* _EXERCISE DATA_
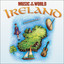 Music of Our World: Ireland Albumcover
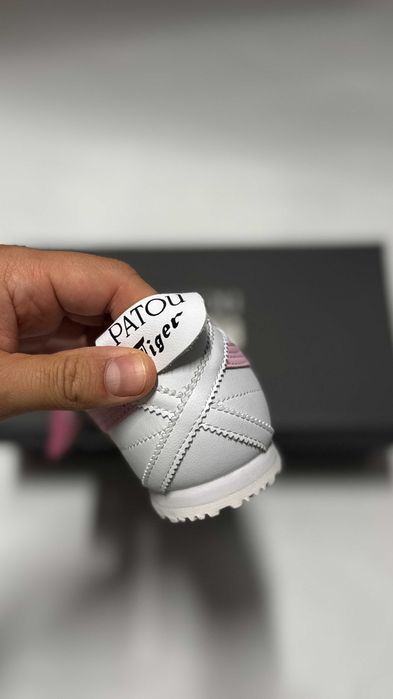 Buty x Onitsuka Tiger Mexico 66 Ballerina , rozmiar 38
...
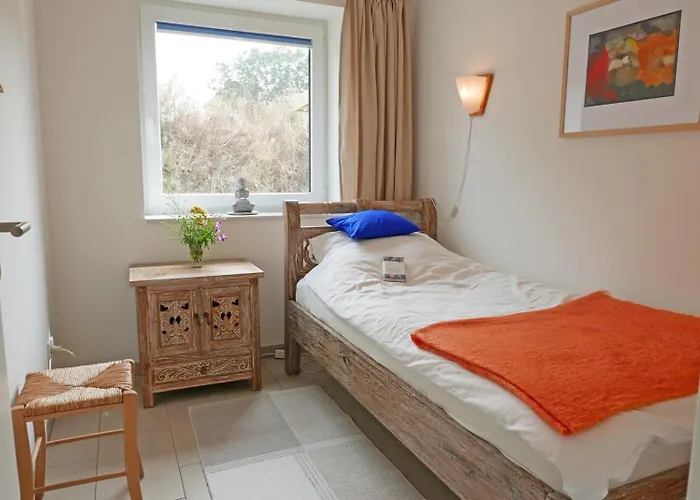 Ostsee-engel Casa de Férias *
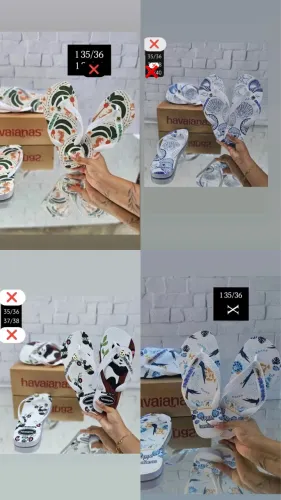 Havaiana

* _TASK STATEMENT_
Lines from the one above containing "Music of Our World: Ireland Albumcover" down to the one containing "Buty x Onitsuka" should be transcribed exactly, with both ends kept and no pictures.

* _RESULT OF THE TASK_
 Music of Our World: Ireland Albumcover
 Buty x Onitsuka Tiger Mexico 66 Ballerina , rozmiar 38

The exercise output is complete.